Я возвращаюсь к событиям весны 1915 года. Ход Галлипольской кампании наших союзников не обещал удачного исхода. Кабинеты Согласия, тем не менее, вели переговоры о временном устройстве Константинополя после его падения, рассчитывая, что оно совершится в недалеком будущем. Окончательная судьба турецкой столицы уже была предрешена соглашением между русским и союзными правительствами, но на время продолжения войны вопрос о таком временном устройстве требовал разрешения. С этой целью был совместно составлен проект городского управления Константинополем, в котором наряду с военным командованием предвиделось гражданское устройство города. Мы отстаивали ту точку зрения, что контроль главнокомандующего [295] союзными силами над верховными комиссарами держав как представителями гражданской власти не должен был быть допущен. Имелось в виду учреждение шести отделов, которые должны были ведать всеми отраслями гражданского управления, причем каждому из союзных правительств предоставлялось назначение двух начальников отделов. Из этих отделов Россия оставляла за собой управление внутренними делами и юстицией. Заведование вакуфами, т. е. мусульманскими духовными имуществами, поручалось мусульманину.

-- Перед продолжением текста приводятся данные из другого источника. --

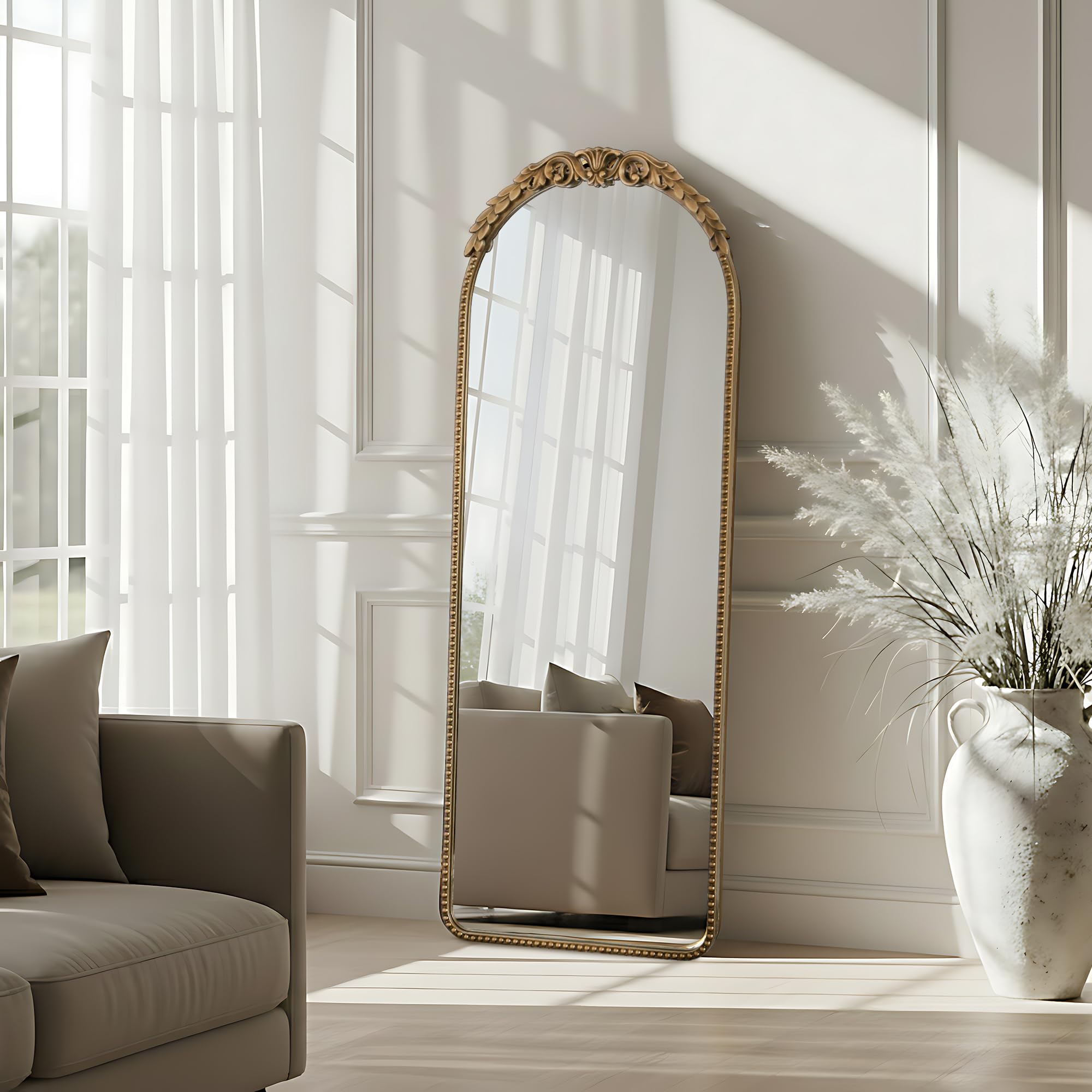 Besdomus Gold Large Arched Mirror: 40"x29" French Baroque Vintage Mirror - Traditional Ornate Antique for Mantel/Bedroom/Entryway/Bathroom/Hallway - Home Decor for Fashion-Conscious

Я не касаюсь здесь проекта местной юрисдикции как наиболее специального из всей системы временного устройства Константинополя, которому не суждено было вследствие полной неудачи Галлипольской экспедиции, увидеть даже начала осуществления. Англо-французские контингенты были спешно отозваны во избежание непоправимой катастрофы. Этот эпизод союзной борьбы принес делу согласия значительный нравственный и материальный ущерб и соответственно тому повысил самонадеянность его врагов. Турки, начавшие войну не по своему свободному выбору, а под принуждением германского посла Вангенгейма, не только укрепились в своей вере в непобедимость Германии, но начали не сомневаться в своей собственной. Вообще же балканские клиенты Германии сплотились еще теснее вокруг своей покровительницы, служа ее интересам с самоотвержением, за которое им пришлось впоследствии заплатить дорогую цену. Удары, наносимые туркам русской армией в далекой Малой Азии, не производили желанного впечатления на Константинополь, находившийся в крепких германских руках. Картина изменилась только гораздо позже, после балканских побед маршала Франшэ д'Эсперэ. Они раскрыли туркам и болгарам глаза на безнадежность их положения и этим приблизили момент германского поражения на Западном фронте.

Событие это, важность которого нельзя достаточно подчеркнуть, не застало уже России в рядах победителей. Революция была в ту пору занята устройством своей пролетарской республики, основанной на костях лучших сынов прежней России. Русский марксизм сам себя изверг из среды [296] цивилизованных государств, совершив над народом акт произвольного самоотравления в то время, когда все силы страны, как духовные, так и материальные, были ей нужнее, чем когда-либо за все ее существование. Я говорю о самоотравлении, а не самоубийстве, так как, к счастью, нет яда, которого не мог бы преодолеть молодой и сильный организм русского народа.